Whenever I try to hang out with her she comes up with an excuse. She is very beautiful and I wonder why she wants me because I think I am out of her league. I stay in Mzilikazi and she stays in Burnside. Do you think I am wasting my time? — Worried.

Reply
You are not going to like all of this advice, but please know that it is coming from a place of kindness. She is using you and she is not taking you seriously. It doesn’t matter why, it’s more about her than it is about you. But it’s not nice and you have got to take matters into your own hands to stop this going on any longer. One thing first — stop looking down on yourself — stop telling yourself you are unattractive. You are hardly a pariah. Stop speaking about yourself this way. Life is hard enough without constantly talking ourselves down internally.

Plus, this low self-esteem is a feedback loop. Because you tell yourself you are garbage, you are willing to be treated like garbage. And where you reside means nothing. I am going to tell you something you won’t like but that you need to know. You have to be strong and cut her off — today — now. That means cutting off all communication. Every time you take her calls her hold over you gets stronger and she uses the occasional sex to keep you hooked. Stop indulging her. You will have to be really strong to withstand the pressure.
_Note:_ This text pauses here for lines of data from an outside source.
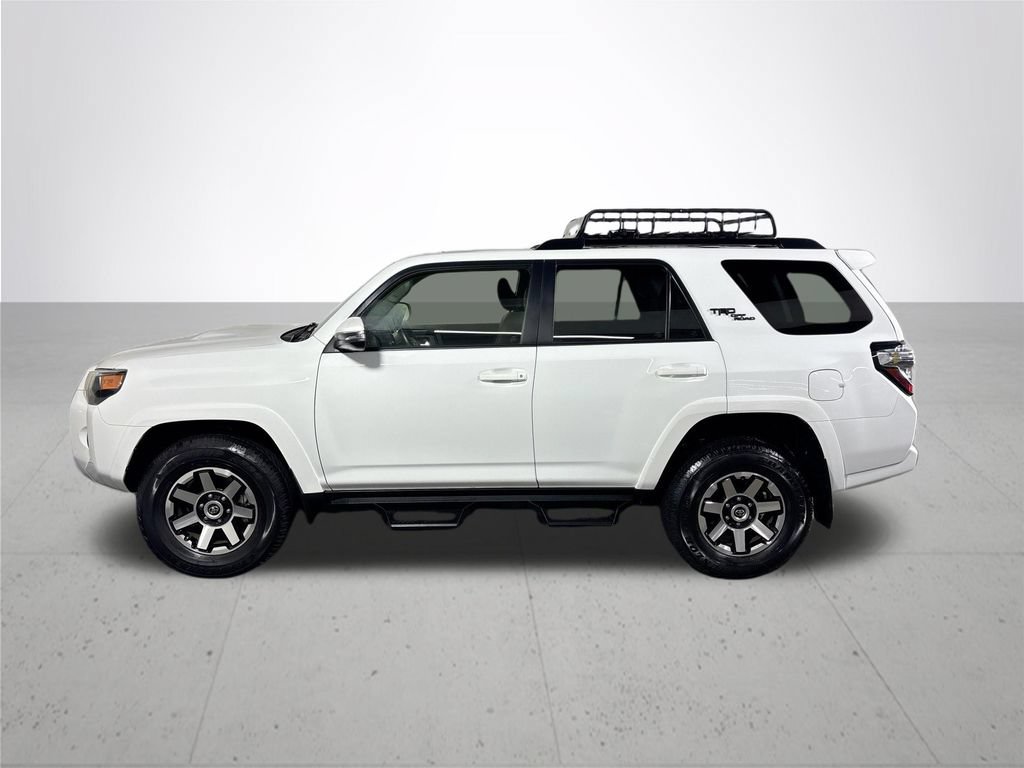 Used 2023 Toyota 4Runner TRD Off-Road Premium w/ Moonroof Package AWD/4WD image 9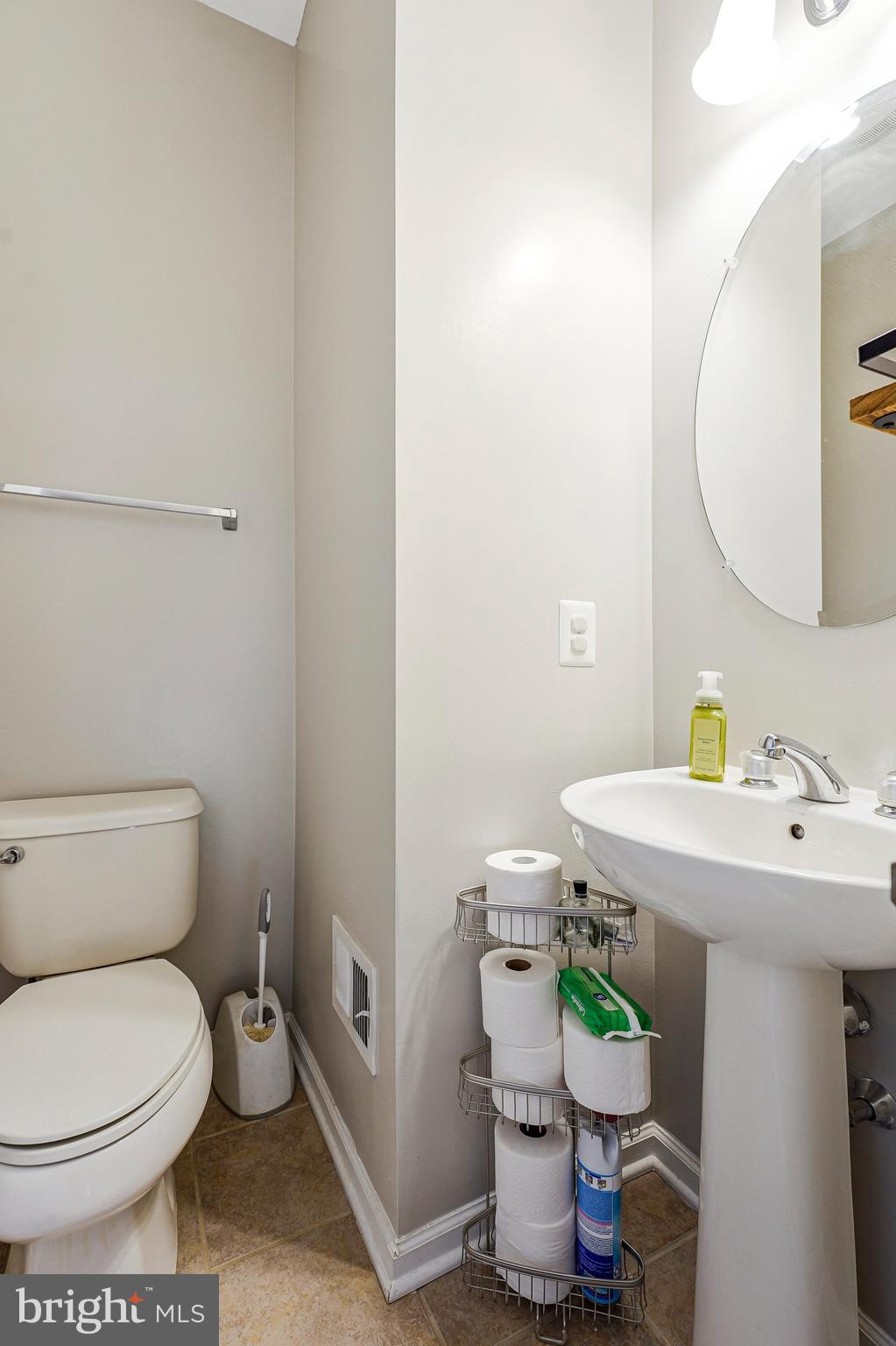 LOUDOUN VALLEY ESTATES 2 - Residential Lease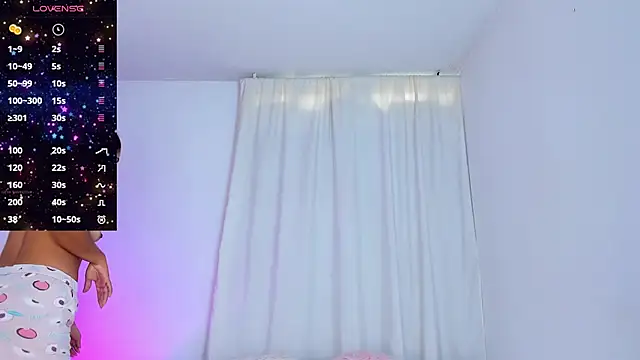 Snapshot of VioletaSotter chatting on 17, 11, 2025 VioletaSotter online show from 17, 11, 2025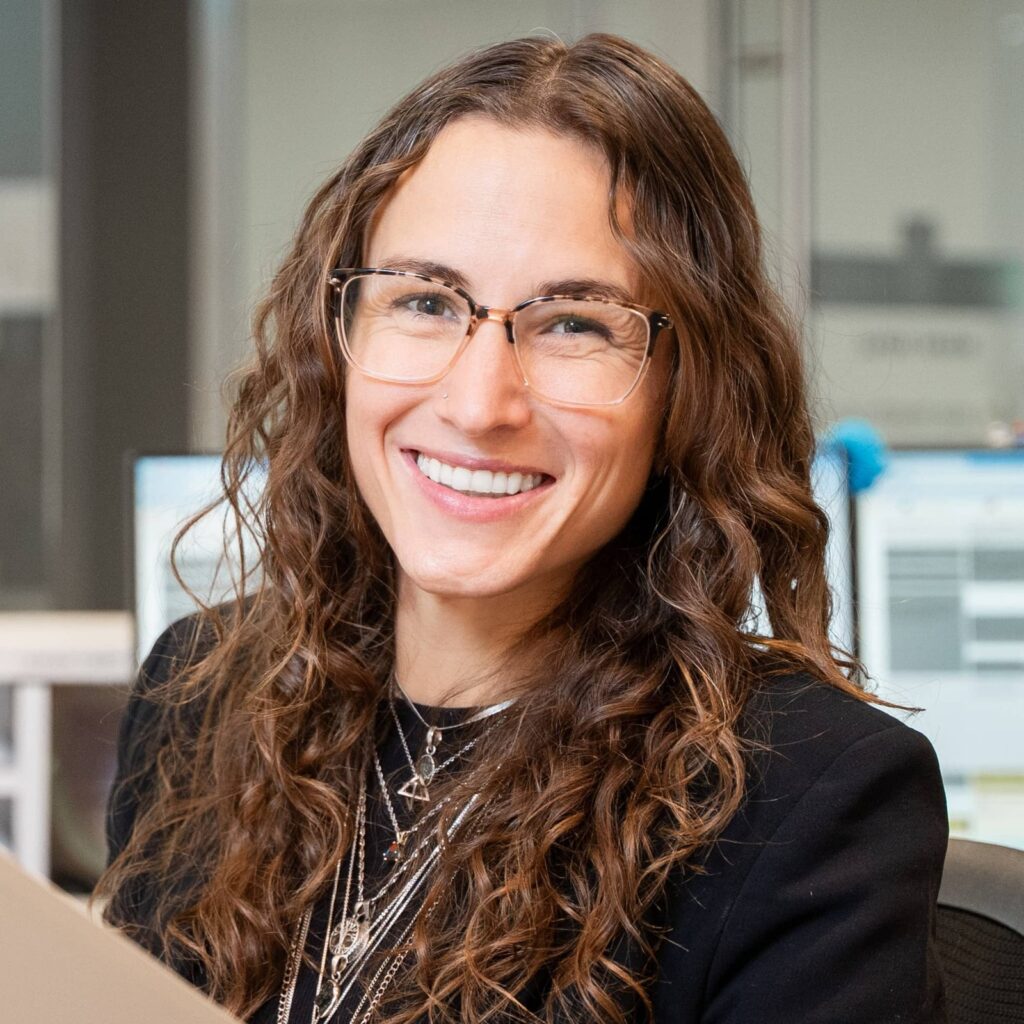 ashley, dental administrator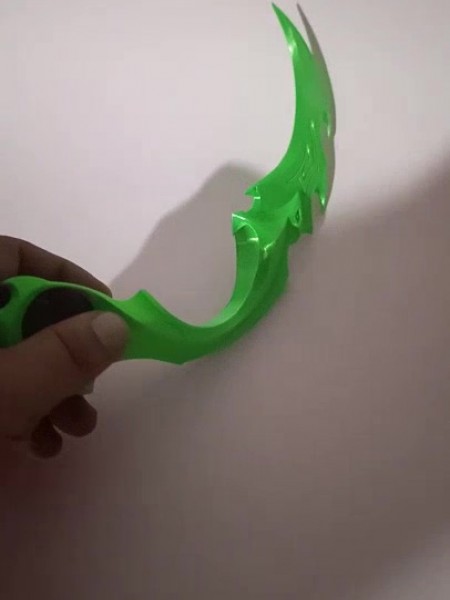 Valorant Plastik Yağmacı Karambit Yeşil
She will wheedle, she will try to make you feel guilty, and she may tempt you in various ways. Hold firm. Protect yourself and your heart. You are worth so much more than being picked up and put down at a whim. Be strong, be resolved. But most importantly, stop giving in to her whenever she asks. You are worth being considered as boyfriend material. Tell her that this current arrangement is not working for you. Don’t be afraid to walk away.

Hi Sis Noe
I just discovered that my girlfriend of three years was cheating on me. She has apologised and says she loves me and is desperate to make things right. But now I don’t trust her and I cannot love her the way I used to love her because of her cheating. But I am confused, was the three years a lie? Is it possible to love and cheat on someone? — Cheated.

Reply
I am sorry you are experiencing this. What your girlfriend did was so bad that you consider it a deal breaker. It was a serious violation of the bond you guys had, the trusting foundation a relationship is based on. I believe it is possible to love someone and to do wrong by them and cause them pain. I think you can love someone full-heartedly and also make a terrible, unforgivable mistake. I do not believe betrayal means a relationship was a lie. Life is rarely black and white. In fact, when it comes to love, it happens more often than we all care to admit. None of this is to say that you should take her back. Just try to understand that two things can be true at one time.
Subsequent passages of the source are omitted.